▶ Work required
Going through the material below, output exactly the lines from the one containing "Plug In Air" through the one containing "COMENTARIOS DEL IGV", and no pictures.

--- Entries shown ---

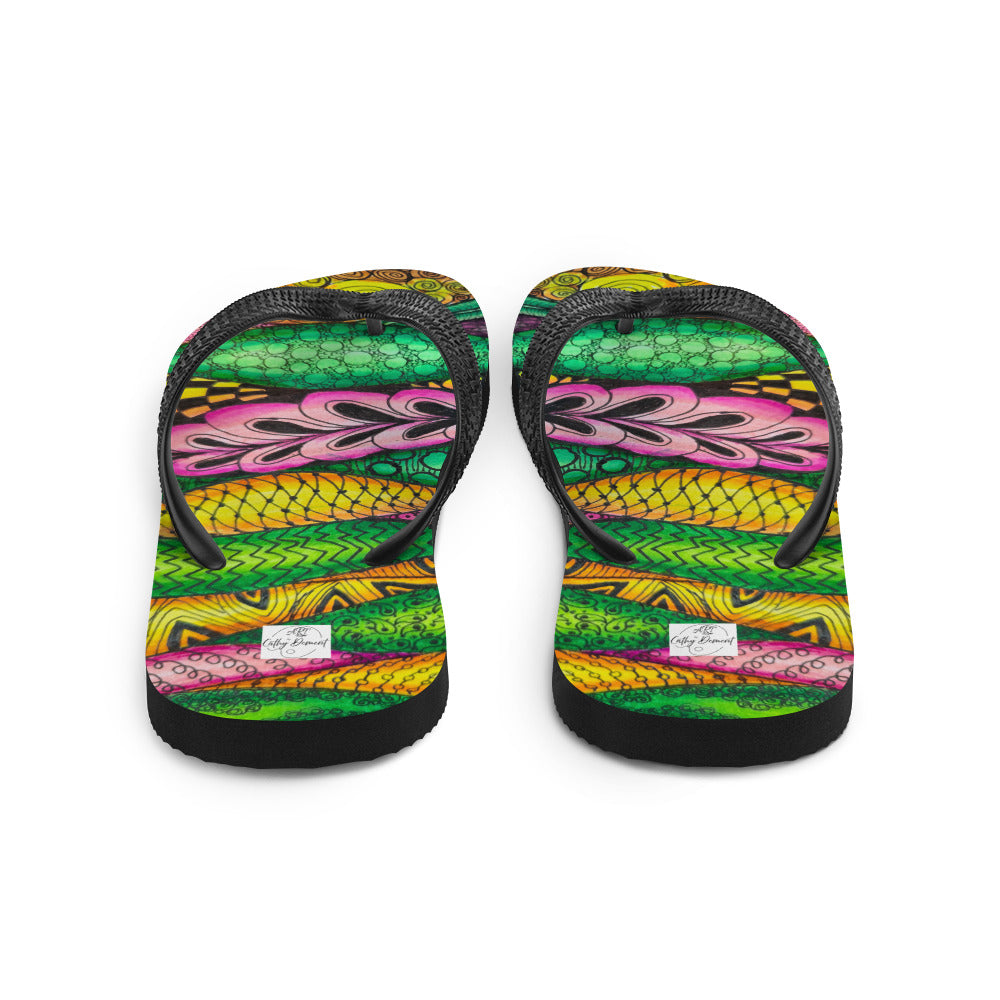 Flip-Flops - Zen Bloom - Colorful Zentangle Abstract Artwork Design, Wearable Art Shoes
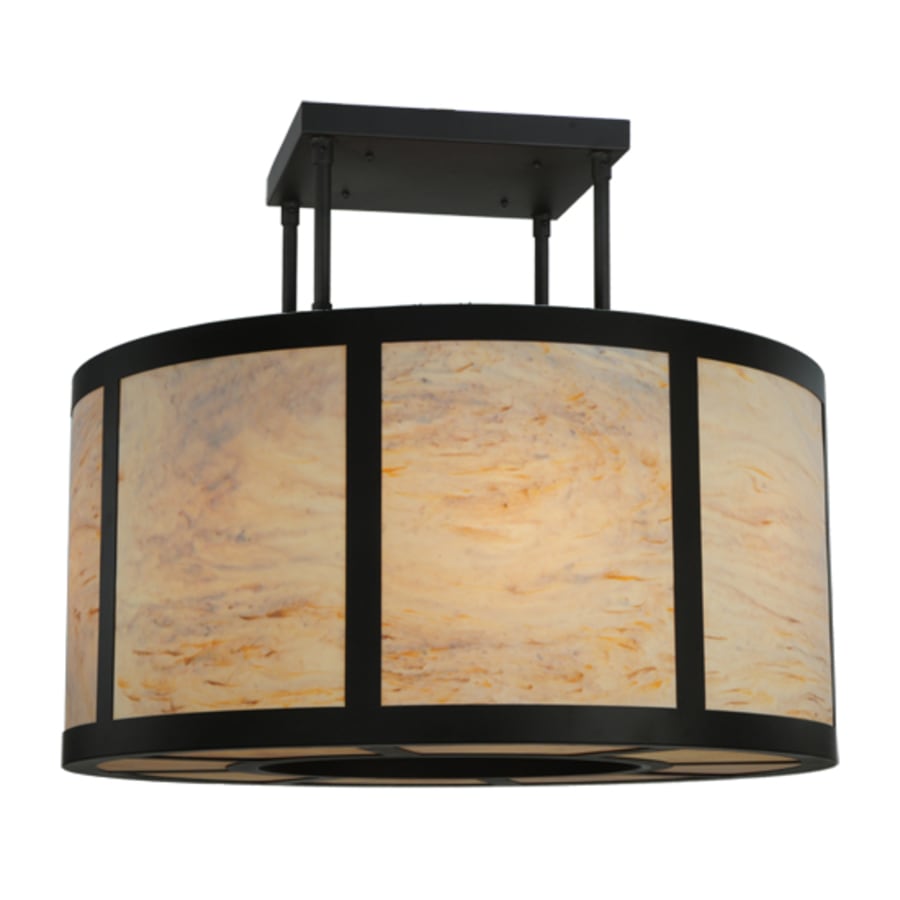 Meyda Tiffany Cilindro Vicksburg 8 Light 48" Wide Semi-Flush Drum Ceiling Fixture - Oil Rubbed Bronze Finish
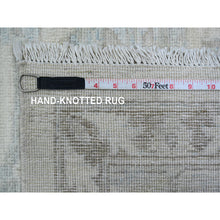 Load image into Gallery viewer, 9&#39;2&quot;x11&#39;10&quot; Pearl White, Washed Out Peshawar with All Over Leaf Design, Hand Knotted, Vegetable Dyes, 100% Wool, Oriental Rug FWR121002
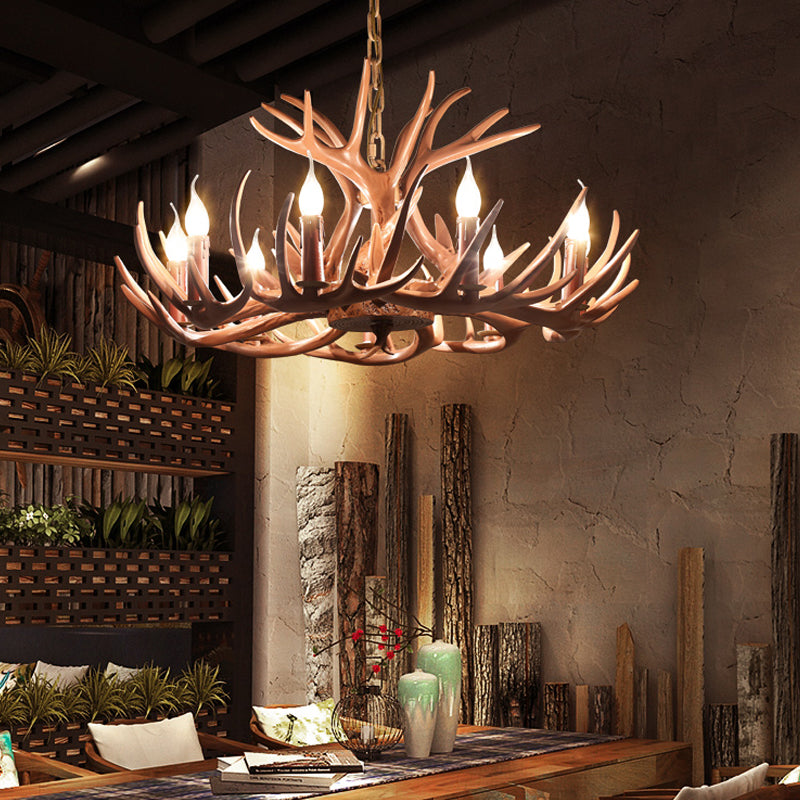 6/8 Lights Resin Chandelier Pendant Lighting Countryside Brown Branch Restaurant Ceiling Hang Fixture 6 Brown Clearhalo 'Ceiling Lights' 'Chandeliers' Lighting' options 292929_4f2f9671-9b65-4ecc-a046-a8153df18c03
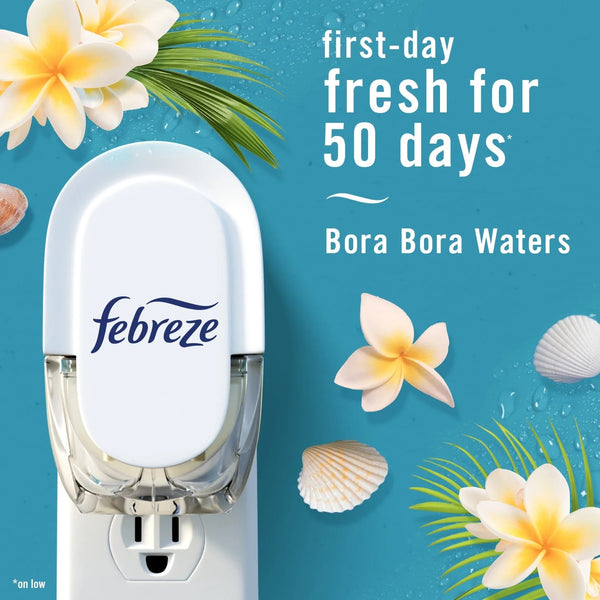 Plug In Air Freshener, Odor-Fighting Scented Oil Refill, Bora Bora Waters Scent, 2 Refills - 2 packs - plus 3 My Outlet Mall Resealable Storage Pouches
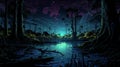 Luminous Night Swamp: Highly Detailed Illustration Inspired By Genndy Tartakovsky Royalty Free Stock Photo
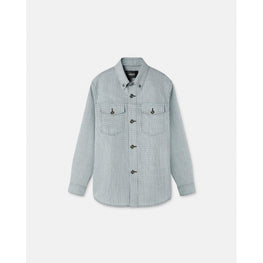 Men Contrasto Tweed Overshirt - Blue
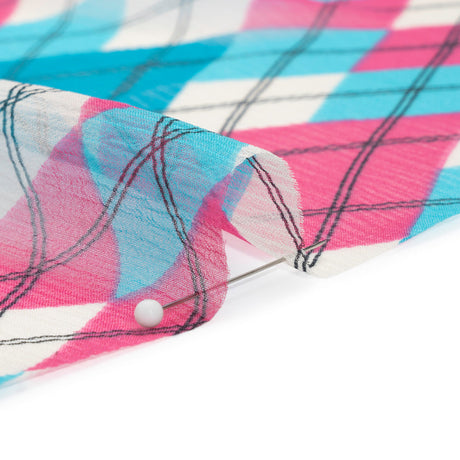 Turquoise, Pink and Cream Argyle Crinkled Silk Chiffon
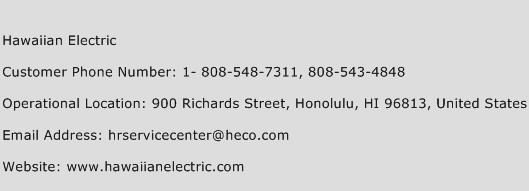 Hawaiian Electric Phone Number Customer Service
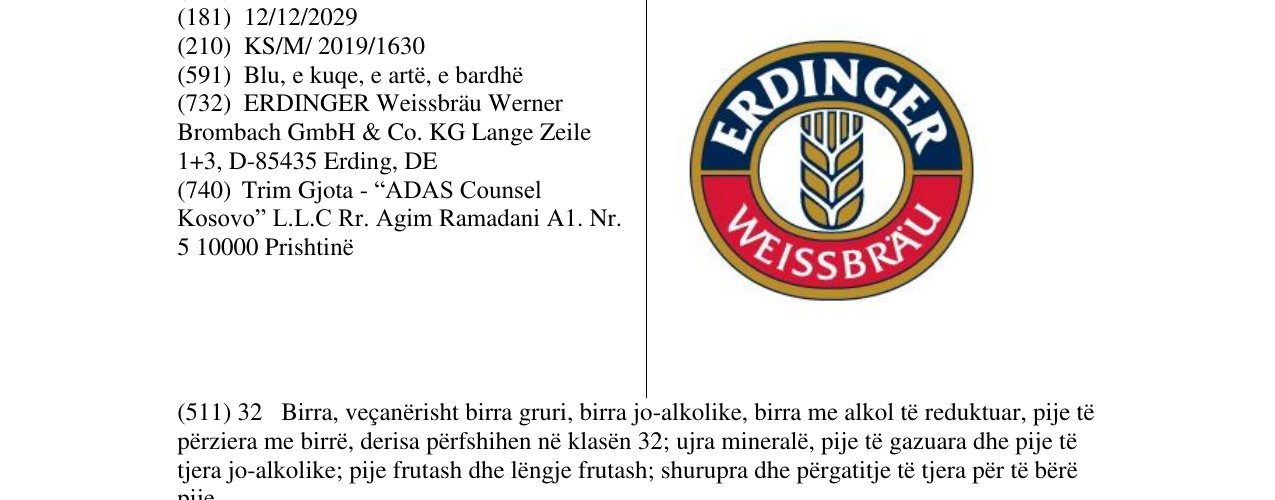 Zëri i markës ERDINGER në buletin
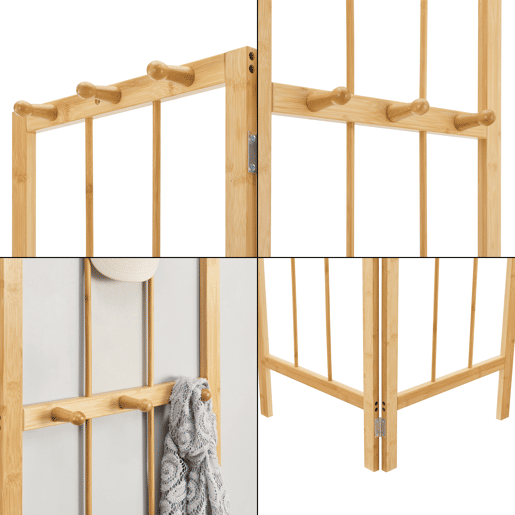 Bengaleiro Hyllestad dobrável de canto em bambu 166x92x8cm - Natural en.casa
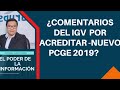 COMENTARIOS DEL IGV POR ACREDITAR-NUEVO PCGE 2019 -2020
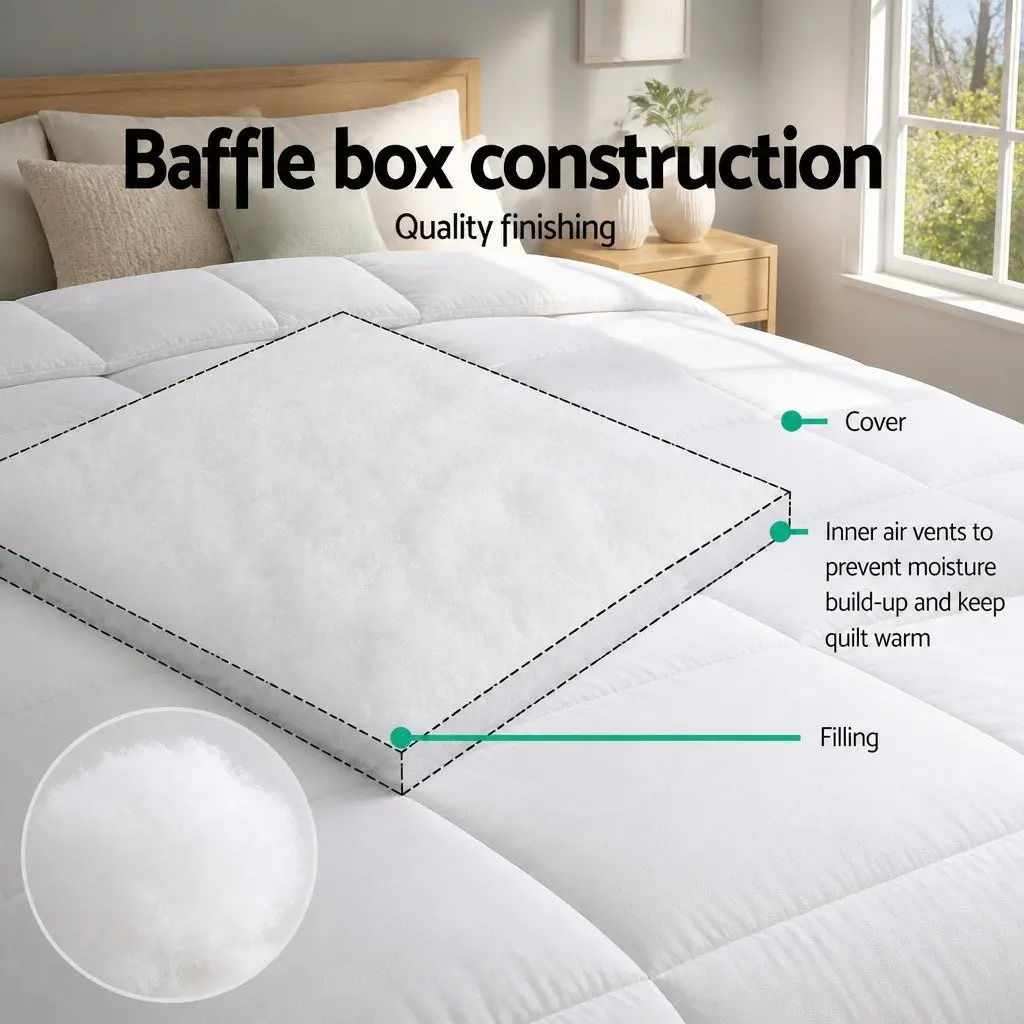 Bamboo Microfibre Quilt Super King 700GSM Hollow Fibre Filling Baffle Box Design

---

▶ Reply
 Plug In Air Freshener, Odor-Fighting Scented Oil Refill, Bora Bora Waters Scent, 2 Refills - 2 packs - plus 3 My Outlet Mall Resealable Storage Pouches
 Luminous Night Swamp: Highly Detailed Illustration Inspired By Genndy Tartakovsky Royalty Free Stock Photo
 Men Contrasto Tweed Overshirt - Blue
 Turquoise, Pink and Cream Argyle Crinkled Silk Chiffon
 Hawaiian Electric Phone Number Customer Service
 Zëri i markës ERDINGER në buletin
 Bengaleiro Hyllestad dobrável de canto em bambu 166x92x8cm - Natural en.casa
 COMENTARIOS DEL IGV POR ACREDITAR-NUEVO PCGE 2019 -2020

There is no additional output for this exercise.